Wie bewerten wir also Anfang 2023 die weitere Entwicklung von Inflation und Zinsen? Dieses Thema hat in den vergangenen Monaten die meisten Marktbewegungen bestimmt. Doch während der Inflationsdruck allmählich nachlässt, verlagert sich auch die Perspektive der Anlegerinnen und Anleger. Im Fokus steht nun die Frage, wie stark sich das Wirtschaftswachstum abschwächen wird, ob es zu einer Rezession kommt und wie lange sie andauern wird. Davon wird abhängen, ob Aktien oder Anleihen in diesem Jahr die besseren Karten haben.
Sinkende US-Zinsen unwahrscheinlich
Noch warten die Marktteilnehmer auf klarere Signale und haben es solange mit höherer Volatilität zu tun. Aktuell rechnet man damit, dass die Zentralbanken die Zinsen bis zur Jahresmitte wohl nicht weiter erhöhen und hofft, dass die US-Zinsen im Laufe des Jahres sogar gesenkt werden könnten. Ich halte dies für unwahrscheinlich – es sei denn, es entwickelt sich eine kräftige US-Rezession mit Inflationsraten nahe 2 Prozent.
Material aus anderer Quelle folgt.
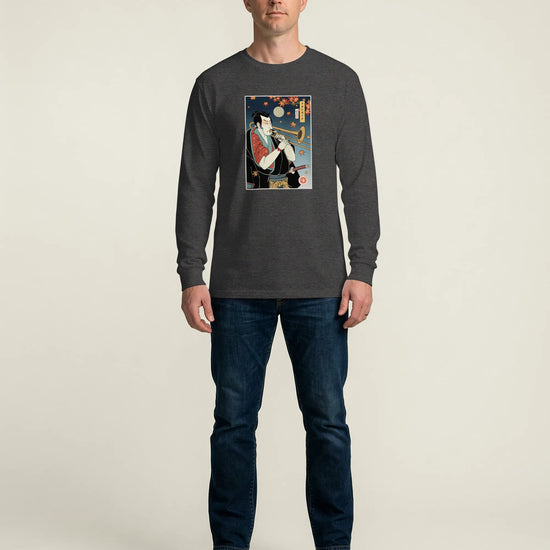 Trombone Samurai Music Ukiyo-e Unisex Long Sleeve Tee - Samurai Original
Das ist allerdings nicht unser Basisszenario. Meiner Meinung nach wird sich die Fed als Reaktion auf solche Markterwartungen als Falke geben. Ansonsten würde sie Gefahr laufen, die monetären Bedingungen de facto zu lockern, indem sie die Zinserwartungen senkt. Damit wiederum würde sie sich die eigene Arbeit erschweren und möglicherweise zu einer stärkeren und längeren Straffung gezwungen sein.
Eine schwere und lange Rezession ist meiner Meinung nach nicht eingepreist, weder global noch regional. Aktuell sprechen die Fakten eindeutig gegen eine panische Angst vor einem Wirtschaftsabschwung: Der S&P 500-Index ist gegenüber dem Stand vor der Coronakrise um etwa 22 Prozent gestiegen. Der Abstand von Höchst- zu Tiefststand liegt bei weniger als der Hälfte der rund 55 Prozent, die in der globalen Finanzkrise 2007 bis 2008 zu Buche standen.
Aktien mögen keine Rezessionen
Falls es jedoch dazu käme, würde der Anleihemarkt vermutlich besser dastehen als der Aktienmarkt. Relativ gesehen überzeugen die Bewertungen und Renditen der Festverzinslichen und schaffen ein Gegengewicht zu den Risiken – und zwar insbesondere, wenn wir davon ausgehen, dass die Inflation zurückgeht und ein Ende der Zinserhöhungen bevorsteht. Andererseits: Sollte die Rezession schwächer ausfallen als erwartet – vielleicht angesichts einer Normalisierung des Energiemarktes –, könnte dieser unerwartete Bonus die Aktienkurse antreiben.